Woolf, a leader in the nation’s sanctuary church movement, was shot in the leg with a pepper ball projectile fired by state police during a peaceful protest in late October.
His church also has come under fire for its life-size Nativity depicting Jesus bound with zip ties, Mary and Joseph in masks and Roman soldiers with ICE vests.
Christians in the U.S. are now living in a time when they may suffer for their beliefs and when faith leaders must take decisive action, he said. “Progressive clergy operate oftentimes under this illusion that all they can do is preach about something.”
Clergy and churches need to draw attention to the inhumane conditions in ICE facilities and to pressure authorities to release noncriminal detainees before they are charged or deported, he said. “We know the courts and politicians are not coming to save us, but churches can be important spaces of support. We ought to care even if it doesn’t affect our churches right now.”

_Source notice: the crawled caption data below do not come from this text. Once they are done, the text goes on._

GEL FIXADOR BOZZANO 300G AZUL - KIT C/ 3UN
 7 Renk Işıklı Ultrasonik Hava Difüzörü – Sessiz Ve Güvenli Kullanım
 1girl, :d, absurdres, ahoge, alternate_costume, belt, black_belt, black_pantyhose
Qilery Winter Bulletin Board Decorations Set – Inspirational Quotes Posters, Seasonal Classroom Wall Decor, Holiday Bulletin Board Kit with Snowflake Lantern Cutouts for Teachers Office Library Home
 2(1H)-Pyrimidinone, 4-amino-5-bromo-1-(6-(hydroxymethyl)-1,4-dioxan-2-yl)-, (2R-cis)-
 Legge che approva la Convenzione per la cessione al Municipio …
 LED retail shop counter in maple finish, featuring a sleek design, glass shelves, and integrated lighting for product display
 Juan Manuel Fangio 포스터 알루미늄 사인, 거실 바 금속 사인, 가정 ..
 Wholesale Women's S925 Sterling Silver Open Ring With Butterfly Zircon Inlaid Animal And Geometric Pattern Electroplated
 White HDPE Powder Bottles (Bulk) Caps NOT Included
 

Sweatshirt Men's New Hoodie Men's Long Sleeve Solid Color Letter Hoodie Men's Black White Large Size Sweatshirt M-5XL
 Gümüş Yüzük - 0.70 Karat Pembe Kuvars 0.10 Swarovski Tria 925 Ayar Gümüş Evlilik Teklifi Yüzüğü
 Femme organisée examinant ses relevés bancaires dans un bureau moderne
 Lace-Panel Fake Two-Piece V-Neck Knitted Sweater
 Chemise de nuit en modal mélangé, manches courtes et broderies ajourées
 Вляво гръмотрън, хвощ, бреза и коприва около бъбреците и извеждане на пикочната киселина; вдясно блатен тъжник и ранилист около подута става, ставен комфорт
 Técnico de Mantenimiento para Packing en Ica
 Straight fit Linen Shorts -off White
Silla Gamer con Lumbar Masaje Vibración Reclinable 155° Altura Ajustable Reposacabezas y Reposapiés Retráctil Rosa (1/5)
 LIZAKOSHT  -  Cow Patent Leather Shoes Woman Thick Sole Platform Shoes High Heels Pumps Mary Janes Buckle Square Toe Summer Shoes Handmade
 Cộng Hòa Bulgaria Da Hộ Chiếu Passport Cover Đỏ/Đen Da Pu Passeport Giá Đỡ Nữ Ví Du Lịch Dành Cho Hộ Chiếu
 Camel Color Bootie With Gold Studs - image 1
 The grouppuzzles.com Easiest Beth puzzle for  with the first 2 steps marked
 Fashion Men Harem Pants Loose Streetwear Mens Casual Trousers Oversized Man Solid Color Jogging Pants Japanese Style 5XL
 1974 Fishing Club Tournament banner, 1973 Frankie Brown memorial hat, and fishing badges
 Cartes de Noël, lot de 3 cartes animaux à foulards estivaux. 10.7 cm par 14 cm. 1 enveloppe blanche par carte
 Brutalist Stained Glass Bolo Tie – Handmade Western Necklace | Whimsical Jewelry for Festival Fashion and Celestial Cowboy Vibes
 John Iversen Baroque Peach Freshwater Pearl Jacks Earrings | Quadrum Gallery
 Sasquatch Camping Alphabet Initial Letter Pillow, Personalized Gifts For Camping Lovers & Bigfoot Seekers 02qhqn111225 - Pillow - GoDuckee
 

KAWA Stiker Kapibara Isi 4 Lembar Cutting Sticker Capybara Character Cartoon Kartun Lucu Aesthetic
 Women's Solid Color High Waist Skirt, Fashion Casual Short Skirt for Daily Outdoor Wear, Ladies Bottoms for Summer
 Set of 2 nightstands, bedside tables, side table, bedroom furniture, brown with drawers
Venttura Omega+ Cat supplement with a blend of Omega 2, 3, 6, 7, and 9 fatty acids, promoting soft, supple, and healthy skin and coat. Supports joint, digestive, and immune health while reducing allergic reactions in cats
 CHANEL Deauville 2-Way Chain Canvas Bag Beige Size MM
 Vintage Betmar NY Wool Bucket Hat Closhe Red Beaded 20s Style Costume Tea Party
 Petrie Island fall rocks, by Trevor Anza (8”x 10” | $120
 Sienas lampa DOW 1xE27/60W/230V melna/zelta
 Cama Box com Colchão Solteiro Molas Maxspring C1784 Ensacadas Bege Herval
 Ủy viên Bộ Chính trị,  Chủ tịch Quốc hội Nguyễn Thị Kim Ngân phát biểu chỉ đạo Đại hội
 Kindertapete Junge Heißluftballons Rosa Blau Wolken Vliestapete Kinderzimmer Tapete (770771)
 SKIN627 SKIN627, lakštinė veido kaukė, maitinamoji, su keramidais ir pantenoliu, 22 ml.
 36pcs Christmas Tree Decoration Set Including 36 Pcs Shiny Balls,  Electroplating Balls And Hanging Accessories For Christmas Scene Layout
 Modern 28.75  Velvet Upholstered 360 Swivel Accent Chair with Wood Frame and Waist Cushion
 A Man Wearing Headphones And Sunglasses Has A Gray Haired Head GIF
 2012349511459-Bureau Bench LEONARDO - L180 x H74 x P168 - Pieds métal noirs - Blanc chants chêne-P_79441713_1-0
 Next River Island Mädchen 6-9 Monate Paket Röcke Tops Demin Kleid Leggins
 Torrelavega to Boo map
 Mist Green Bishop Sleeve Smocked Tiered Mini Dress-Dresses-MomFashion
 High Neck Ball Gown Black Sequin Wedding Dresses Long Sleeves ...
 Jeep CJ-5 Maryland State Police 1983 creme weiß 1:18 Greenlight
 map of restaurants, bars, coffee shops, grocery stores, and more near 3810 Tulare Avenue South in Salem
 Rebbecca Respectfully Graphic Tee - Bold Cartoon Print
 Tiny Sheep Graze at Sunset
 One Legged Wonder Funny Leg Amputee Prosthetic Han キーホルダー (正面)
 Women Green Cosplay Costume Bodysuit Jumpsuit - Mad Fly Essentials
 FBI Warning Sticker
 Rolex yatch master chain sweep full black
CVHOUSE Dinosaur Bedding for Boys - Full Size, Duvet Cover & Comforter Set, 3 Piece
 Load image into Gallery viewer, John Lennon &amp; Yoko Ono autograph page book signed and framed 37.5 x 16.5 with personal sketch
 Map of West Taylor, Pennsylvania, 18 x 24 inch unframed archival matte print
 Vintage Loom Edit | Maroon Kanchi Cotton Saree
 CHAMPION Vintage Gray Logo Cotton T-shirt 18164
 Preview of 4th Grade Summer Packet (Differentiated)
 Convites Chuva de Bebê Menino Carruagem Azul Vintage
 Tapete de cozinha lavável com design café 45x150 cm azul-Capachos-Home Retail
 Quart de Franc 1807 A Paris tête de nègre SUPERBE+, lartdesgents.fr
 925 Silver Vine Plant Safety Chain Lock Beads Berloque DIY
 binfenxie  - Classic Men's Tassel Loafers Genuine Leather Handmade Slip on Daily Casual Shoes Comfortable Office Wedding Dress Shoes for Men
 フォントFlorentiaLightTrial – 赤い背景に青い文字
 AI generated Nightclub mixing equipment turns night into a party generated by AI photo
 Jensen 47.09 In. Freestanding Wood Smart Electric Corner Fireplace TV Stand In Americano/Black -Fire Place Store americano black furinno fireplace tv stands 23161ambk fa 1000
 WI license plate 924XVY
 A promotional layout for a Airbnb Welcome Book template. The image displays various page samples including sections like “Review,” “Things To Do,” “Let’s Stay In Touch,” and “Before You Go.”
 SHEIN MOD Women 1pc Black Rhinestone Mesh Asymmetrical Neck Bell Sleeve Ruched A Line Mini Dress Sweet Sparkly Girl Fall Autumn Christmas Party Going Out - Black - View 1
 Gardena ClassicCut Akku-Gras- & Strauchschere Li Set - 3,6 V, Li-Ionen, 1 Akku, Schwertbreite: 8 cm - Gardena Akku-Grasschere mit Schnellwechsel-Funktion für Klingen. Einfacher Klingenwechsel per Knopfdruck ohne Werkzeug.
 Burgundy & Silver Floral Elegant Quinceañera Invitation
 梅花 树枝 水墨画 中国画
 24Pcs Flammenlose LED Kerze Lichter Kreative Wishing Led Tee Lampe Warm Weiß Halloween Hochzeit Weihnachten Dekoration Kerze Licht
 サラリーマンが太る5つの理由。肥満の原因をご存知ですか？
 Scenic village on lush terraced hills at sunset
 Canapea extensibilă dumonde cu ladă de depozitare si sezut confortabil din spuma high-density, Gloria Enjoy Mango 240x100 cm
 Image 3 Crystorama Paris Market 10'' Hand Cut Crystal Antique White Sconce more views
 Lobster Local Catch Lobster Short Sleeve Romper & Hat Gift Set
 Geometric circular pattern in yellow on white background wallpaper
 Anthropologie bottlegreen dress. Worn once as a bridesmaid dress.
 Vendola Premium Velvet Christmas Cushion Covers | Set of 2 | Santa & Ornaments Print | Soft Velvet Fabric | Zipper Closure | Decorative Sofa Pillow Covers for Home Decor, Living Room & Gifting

One approach to providing that support is to promote the solidarity and hope needed to inspire collective action for those in peril and against federal detention and deportation practices, Hernandez said.
“Our faith communities, if we don’t have a word of hope at this moment, then we have failed the Jesus who we follow. If we don’t have a word of solidarity, then we need to close the doors to our churches and start over again.”
The blueprint for cultivating solidarity and courage is Jesus himself, Hernandez added. “As people who follow Christ, we should be among the people who are falsely accused, innocently punished, just as Jesus of Nazareth faced that persecution.”
He called on U.S. churches to embrace the liberation theologies that have sustained persecuted populations in Latin America for decades and that can be used to oppose “the white, blond, blue-eyed Jesus that has been promoted in this country.”
Faith groups also must educate their members and communities on the realities of the Trump administration’s “deportation machinery” and the troubling trend of the “offshoring of our prison industrial complex” to other countries, he said.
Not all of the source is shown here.